* Activity: Copy, please, the line with "DOMINO * COA *" and each line that follows it through the end of the data below, exactly as given and without pictures.

* Recorded information:
/---

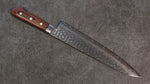 Seisuke Acier suédois Martelé Gyuto  240mm Acajou Manipuler - japanny-FR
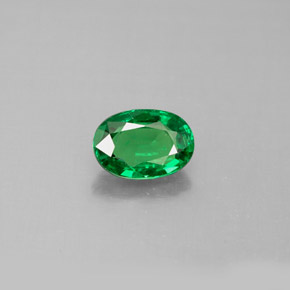 Granada tsavorita verde natural 1,17ct, corte oval, VS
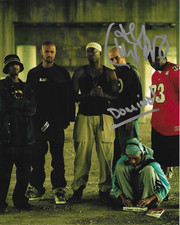 * HIEROGLYPHICS * signed 8x10 photo * DEL THE FUNKY HOMOSAPIEN & DOMINO * COA *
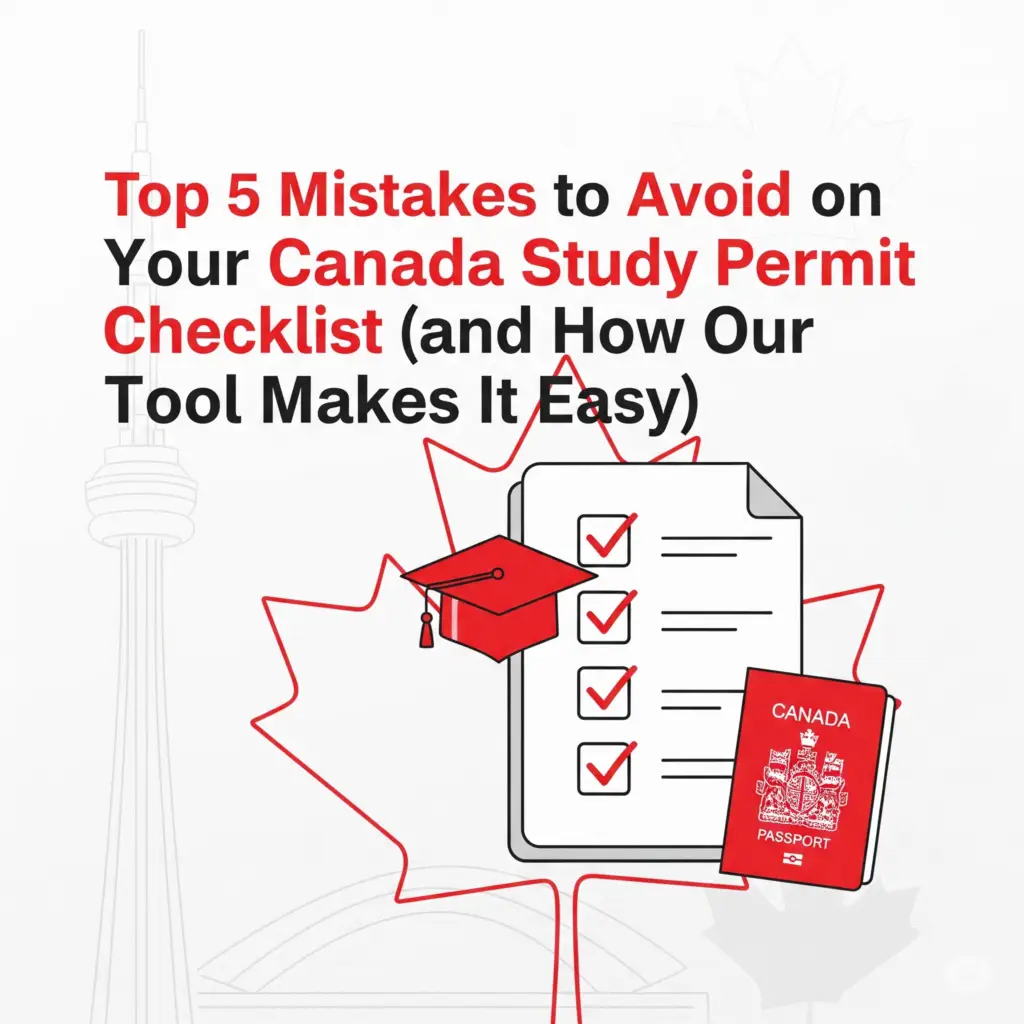 Top 5 Mistakes to Avoid on Your Canada Study Permit Checklist (and How Our Tool Makes it Easy)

\---

* Exercise solution:
 * HIEROGLYPHICS * signed 8x10 photo * DEL THE FUNKY HOMOSAPIEN & DOMINO * COA *
 Top 5 Mistakes to Avoid on Your Canada Study Permit Checklist (and How Our Tool Makes it Easy)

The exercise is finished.